§ PROBLEM
After finding the line with "New 2026 Chrysler", restate it and each remaining line of the material word for word, omitting every picture.

§ DATASET EXTRACT
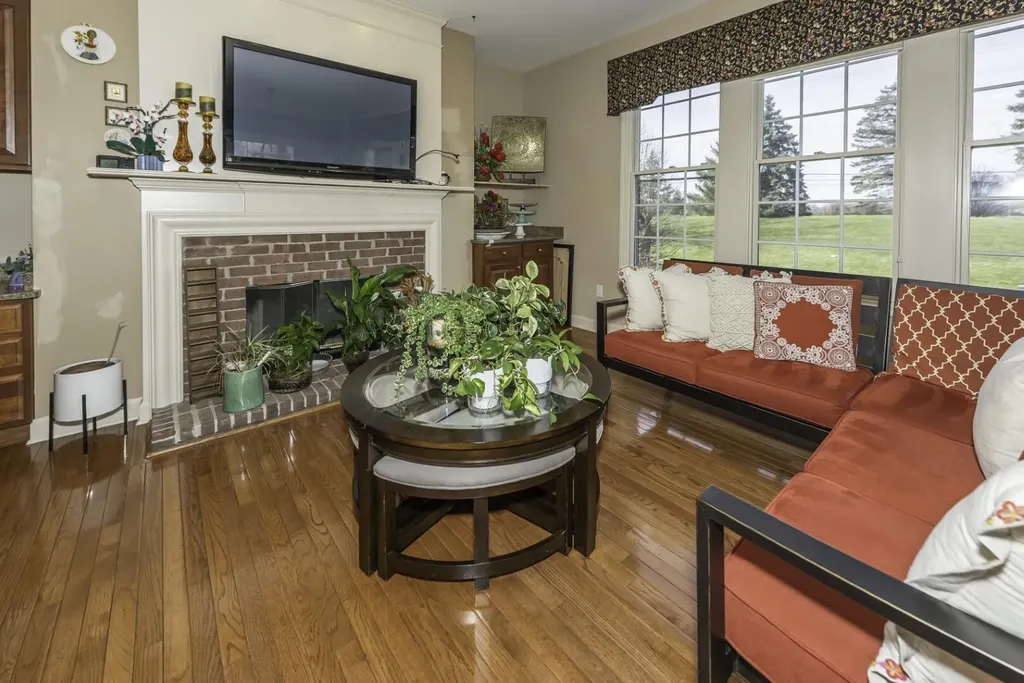 51328 Plymouth Valley Drive Plymouth Charter Township MI 48170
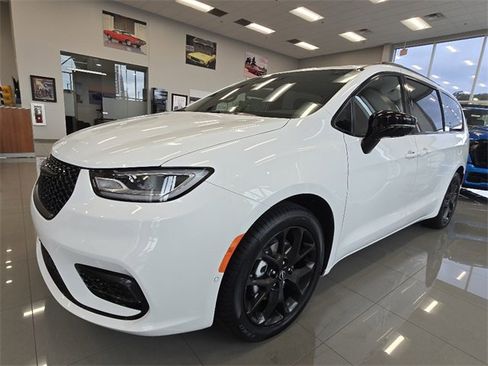 New 2026 Chrysler Pacifica Limited w/ Uconnect Theater Family Group image 15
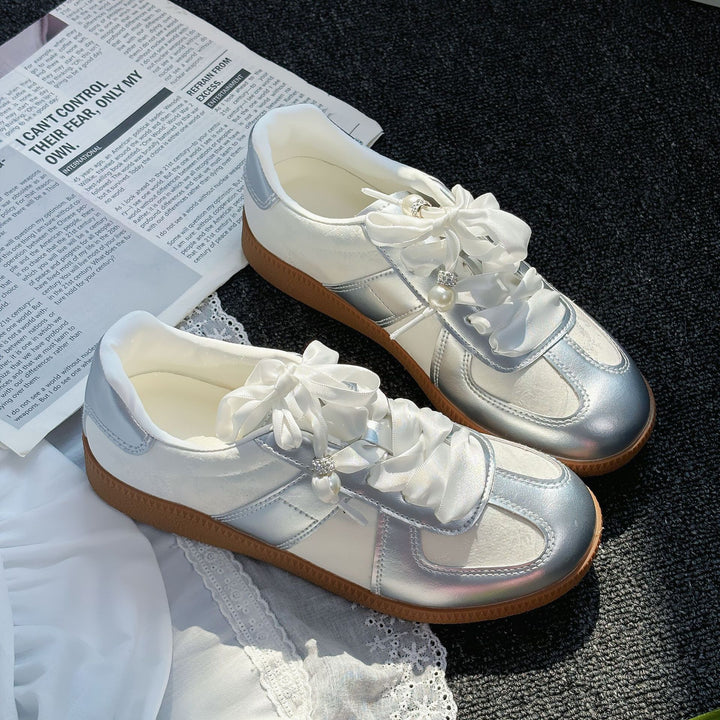 Dame sneakers med elegante satin snørebånd og moderne metallic overflade Stilla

§ PROBLEM SOLUTION
 New 2026 Chrysler Pacifica Limited w/ Uconnect Theater Family Group image 15
 Dame sneakers med elegante satin snørebånd og moderne metallic overflade Stilla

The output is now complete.